The invention relates to the technical field of medical file data processing, and discloses a system for extracting, identifying and classifying files by using a binary system, which comprises a data acquisition module, an identification module, an extraction module, a classification module and a new database; the data acquisition module is used for acquiring a binary data packet of a medical database in the medical system; the identification module is used for identifying the data information of the binary data packet acquired by the acquisition module, and the system for extracting, identifying and classifying the files by using the binary system can identify, extract and classify the information data of the medical files by acquiring the binary data packet of the medical database in the medical system, and can process the classified data information by using the same data structure according to a preset data structure so as to realize the front-end output of the unified style of the data information, and the hospital data maintenance cost can be reduced without interface butt joint.

Description

System for extracting, identifying and classifying files by using binary system

Technical Field

The invention relates to the technical field of medical file data processing, in particular to a system for extracting, identifying and classifying files by using binary system.

Background

Document classification is a technical route in informatics and computer science. The task is to assign a file to one or more categories. The classification can be completed by manual classification or realized by computer algorithm. Through classification, the data structure can be unified, and standardized output is realized.
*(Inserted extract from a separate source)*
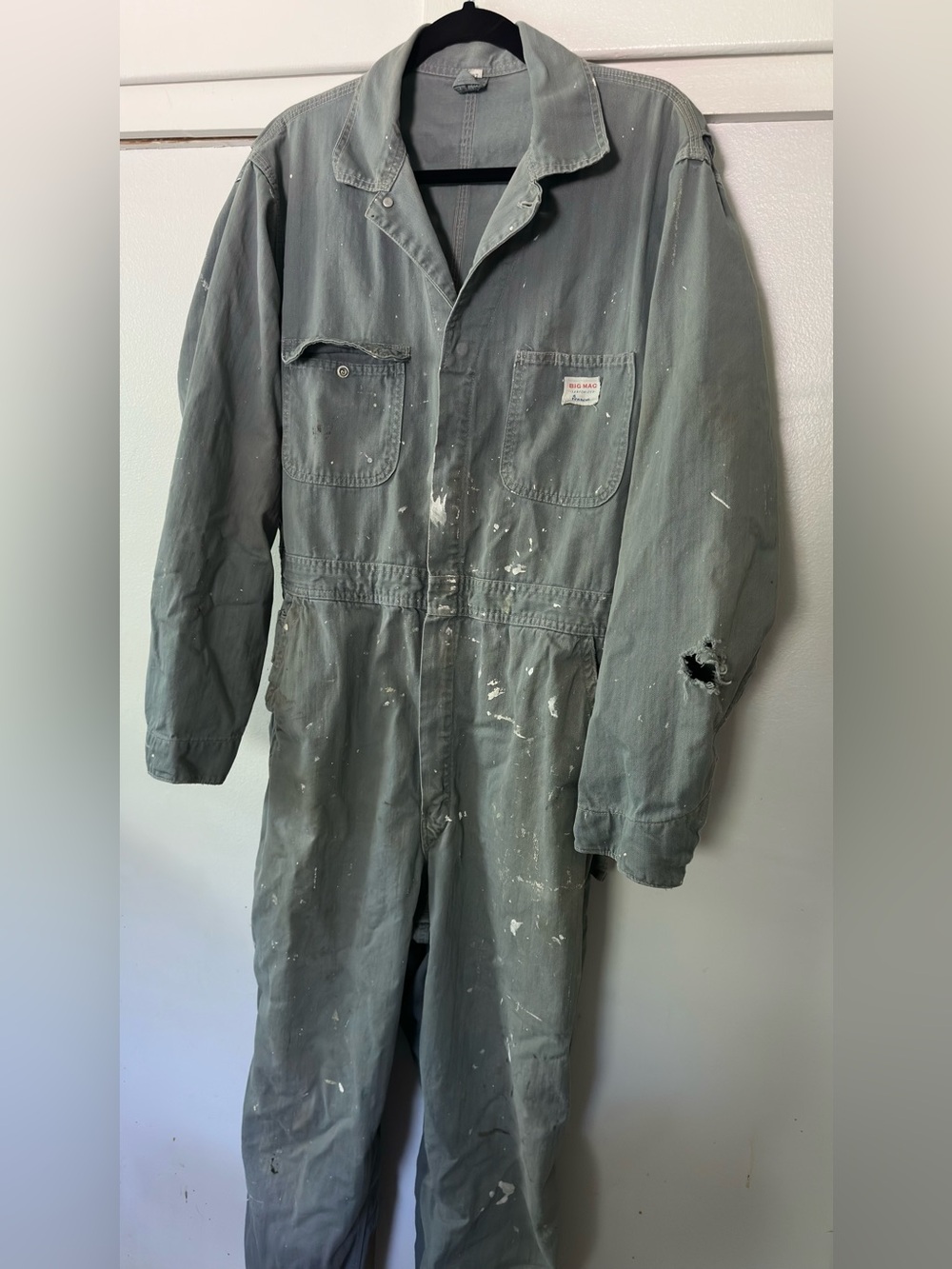 Vintage Big Mac by Penneys Blueish Gray Work Coveralls Jumpsuit 42L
At present, a large number of medical information systems used by hospitals are old, interfaces can not be maintained normally, and some hospitals have irregular data structures of data such as cases, inspection and the like due to replacement manufacturers, so that data display is not uniform, and the data acquisition effect is influenced.

Disclosure of Invention

In order to realize the system purpose of extracting, identifying and classifying files by using binary system, the invention is realized by the following technical scheme: a system for extracting, identifying and classifying files by using binary system comprises a data acquisition module, an identification module, an extraction module, a classification module and a new database;

the data acquisition module is used for acquiring a binary data packet of a medical database in the medical system;

the identification module is used for identifying the data information of the binary data packet acquired by the acquisition module;

the extraction module is used for extracting the data information of the binary data packet identified by the identification module;

the classification module is used for classifying the data information extracted by the extraction module;

the new database is used for storing the data information after being processed by the new data structure.
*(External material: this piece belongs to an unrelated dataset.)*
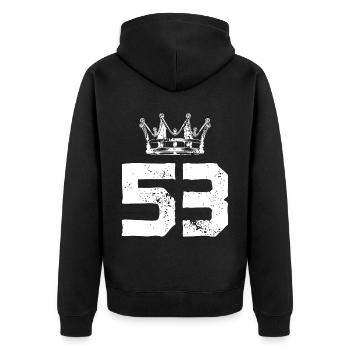53 Zahl Krone - Unisex Premium Bio Zip Hoodie - Schwarz - Hinten - Nico (187cm)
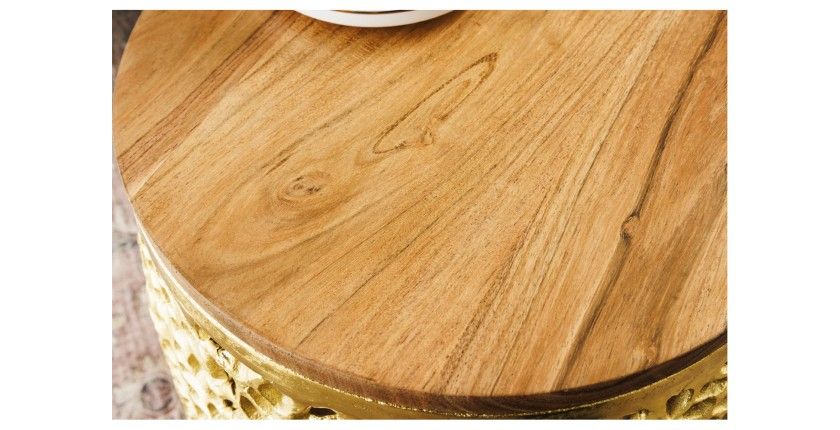 Lot de 2 tables basses METRIX dorées avec petit motif arrondi – Tables basses design en aluminium et bois d’acacia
A method for extracting, identifying and classifying files by using binary system specifically comprises the following steps:

s1, acquiring a binary data packet of a medical database in the medical system by using the data acquisition module;

s2, identifying the obtained binary data packet by using an identification module and an extraction module, and extracting data information in the binary data packet;

s3, classifying the extracted data information by using a classification module;

and S4, storing the classified data packets according to a uniform data structure, and establishing a new database.

Further, when the binary data packet is acquired in S1, the category of the binary data packet in the medical system is synchronously acquired, and a data tag is generated.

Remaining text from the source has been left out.